# Pest Patrol?



## Maggz (Jun 27, 2003)

I own Adaware Spybot Spysweeper for scanning. I was thinking of adding Pest Patrol to the mix as their eval dug up stuff the other 3 didnt! Is this program just pulling my leg or is it really this good. Ive had past experiences with it and I didnt like it but this new version seems better. Tell me what you think.


----------



## mach9 (Jan 26, 2004)

Hi Maggz:

I used Pest Patrol on my old 98SE computer. No problems, picked up a few things the standards didn't. Screen Savers recommended it, Leo LaPort, I believe. Recently Kevin Mitnick recommended it. It's on my XP Pro now. Again, no problems and it does pick up registry remnants which Spybot and Adaware missed. Mary Ann


----------



## hewee (Oct 26, 2001)

I think you have to buy it too as getting the trial version does not remover anything but only showes you want you can remove.

Maybe mach9 could tell you if this is true.

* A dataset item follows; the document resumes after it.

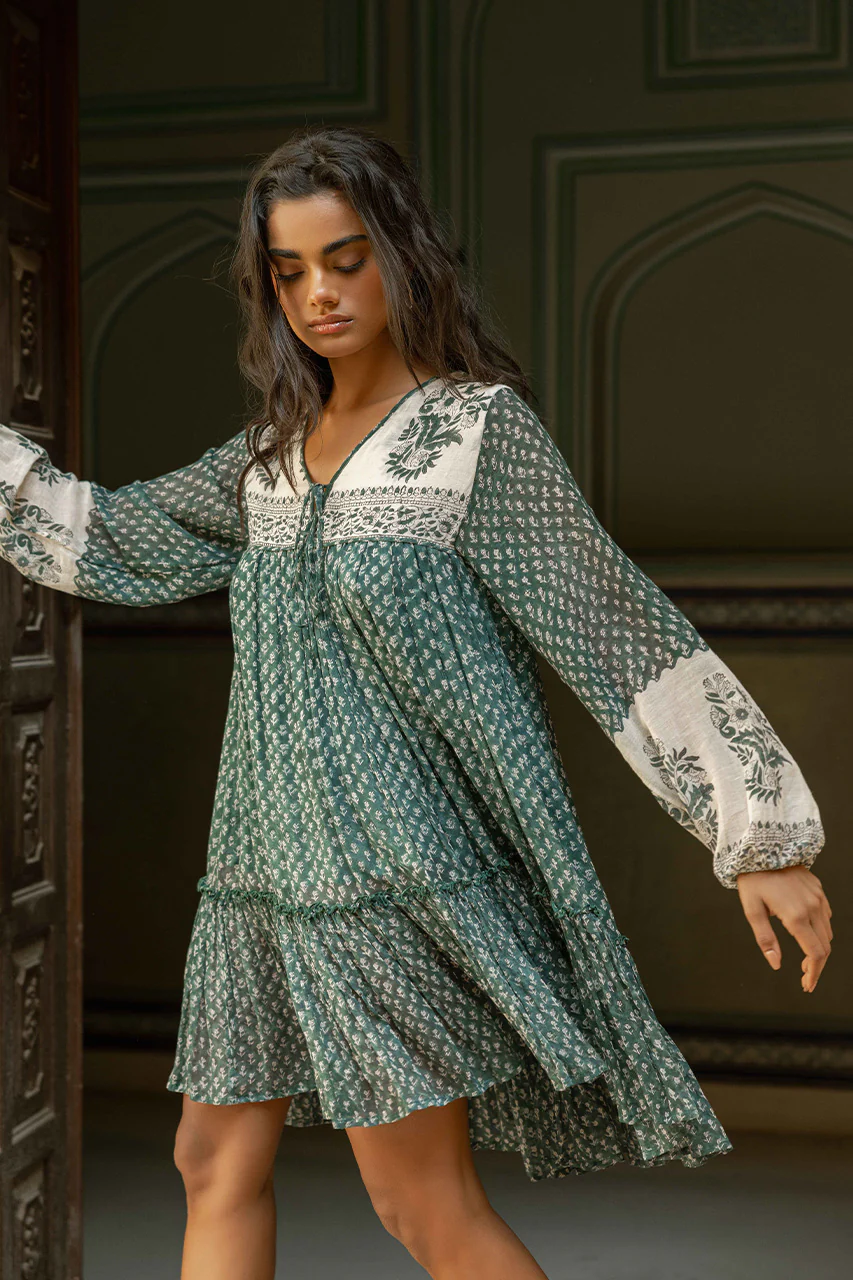 Rooh Mini Dress ~ Pine - Image 4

OK I found this from there site.

"How does PestPatrol Evaluation copy differ from the licenced version?"
The evaluation version is unable to delete files or quarantine them. There are no other differences.


----------



## Maggz (Jun 27, 2003)

I picked it up.. Its alright.


----------



## hewee (Oct 26, 2001)

I hear that it is a good program.


----------



## Rhettman5.1 (Sep 25, 2002)

I give it a thumbs down...not that it's bad, rather it's to good..I installed it and found that EVERY site I visited that saved cookie settings was auto spyware...google toolbar was considered spyware...fresh download and affiliates...spyware....yup...TSG...spyware.... so just for fun .. I had it "fix" all my problems...results ... New computer, Athlon XP2400.. 512 Mg Ram ..W2K..Crashed to reboot at start-up !!.. Thank GOD I had a drive image to back up to... I DO NOT recomend this program.. it's too over the top for the casual (me) user, and unrealiable as far as I am concerned... Rhett


----------



## hewee (Oct 26, 2001)

OK now I hear it is not a good program. 

Wow rhett thanks for the heads up.


----------



## Maggz (Jun 27, 2003)

I am pretty displeased with it.. It flags so much as spyware that isnt. I returned it.


----------



## Skivvywaver (Mar 18, 2001)

I have used many spy cleaners including pest patrol. I now use adaware pro, spybot, and spysweeper. All of them are great. Pest patrol flags anything and everything mostly for a selling gimmick I think. After you buy it and can actually remove what it finds you spend time undoing the fixes. 
Spysweeper is a good program for thorough scans and doesn't screw your works.


----------



## Maggz (Jun 27, 2003)

I also enjoy spysweeper


----------



## SIR****TMG (Aug 12, 2003)

yahoo's new browser helper has it built into it for free....looks for adware...COU PORTAL talks about it....just a note here only...read about it before you get the new yahoo browser helper...  the website is www.dozleng.com look under calander updates for all info from different dates alot of info here....


----------